··· DATA ···

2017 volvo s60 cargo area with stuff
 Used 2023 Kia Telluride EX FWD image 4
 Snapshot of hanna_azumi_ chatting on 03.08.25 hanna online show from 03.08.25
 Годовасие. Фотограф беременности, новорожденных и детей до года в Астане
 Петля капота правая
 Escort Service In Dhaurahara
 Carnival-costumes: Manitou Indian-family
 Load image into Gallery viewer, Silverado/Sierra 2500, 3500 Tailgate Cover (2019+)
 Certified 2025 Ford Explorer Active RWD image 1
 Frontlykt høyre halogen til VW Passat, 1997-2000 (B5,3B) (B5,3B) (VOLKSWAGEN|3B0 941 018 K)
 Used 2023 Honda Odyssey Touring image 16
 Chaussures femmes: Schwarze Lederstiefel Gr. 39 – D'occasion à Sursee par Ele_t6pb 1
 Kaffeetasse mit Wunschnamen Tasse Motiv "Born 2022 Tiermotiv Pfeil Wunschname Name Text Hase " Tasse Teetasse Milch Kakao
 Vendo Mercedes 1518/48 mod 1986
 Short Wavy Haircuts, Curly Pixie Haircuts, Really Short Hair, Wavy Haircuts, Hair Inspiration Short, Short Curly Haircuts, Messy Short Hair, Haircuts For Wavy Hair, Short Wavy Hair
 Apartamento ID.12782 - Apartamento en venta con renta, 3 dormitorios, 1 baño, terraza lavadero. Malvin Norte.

···

## WORK REQUIRED:
Each record needs to be given again exactly.

## OUTPUT OF THE EXERCISE:
2017 volvo s60 cargo area with stuff
 Used 2023 Kia Telluride EX FWD image 4
 Snapshot of hanna_azumi_ chatting on 03.08.25 hanna online show from 03.08.25
 Годовасие. Фотограф беременности, новорожденных и детей до года в Астане
 Петля капота правая
 Escort Service In Dhaurahara
 Carnival-costumes: Manitou Indian-family
 Load image into Gallery viewer, Silverado/Sierra 2500, 3500 Tailgate Cover (2019+)
 Certified 2025 Ford Explorer Active RWD image 1
 Frontlykt høyre halogen til VW Passat, 1997-2000 (B5,3B) (B5,3B) (VOLKSWAGEN|3B0 941 018 K)
 Used 2023 Honda Odyssey Touring image 16
 Chaussures femmes: Schwarze Lederstiefel Gr. 39 – D'occasion à Sursee par Ele_t6pb 1
 Kaffeetasse mit Wunschnamen Tasse Motiv "Born 2022 Tiermotiv Pfeil Wunschname Name Text Hase " Tasse Teetasse Milch Kakao
 Vendo Mercedes 1518/48 mod 1986
 Short Wavy Haircuts, Curly Pixie Haircuts, Really Short Hair, Wavy Haircuts, Hair Inspiration Short, Short Curly Haircuts, Messy Short Hair, Haircuts For Wavy Hair, Short Wavy Hair
 Apartamento ID.12782 - Apartamento en venta con renta, 3 dormitorios, 1 baño, terraza lavadero. Malvin Norte.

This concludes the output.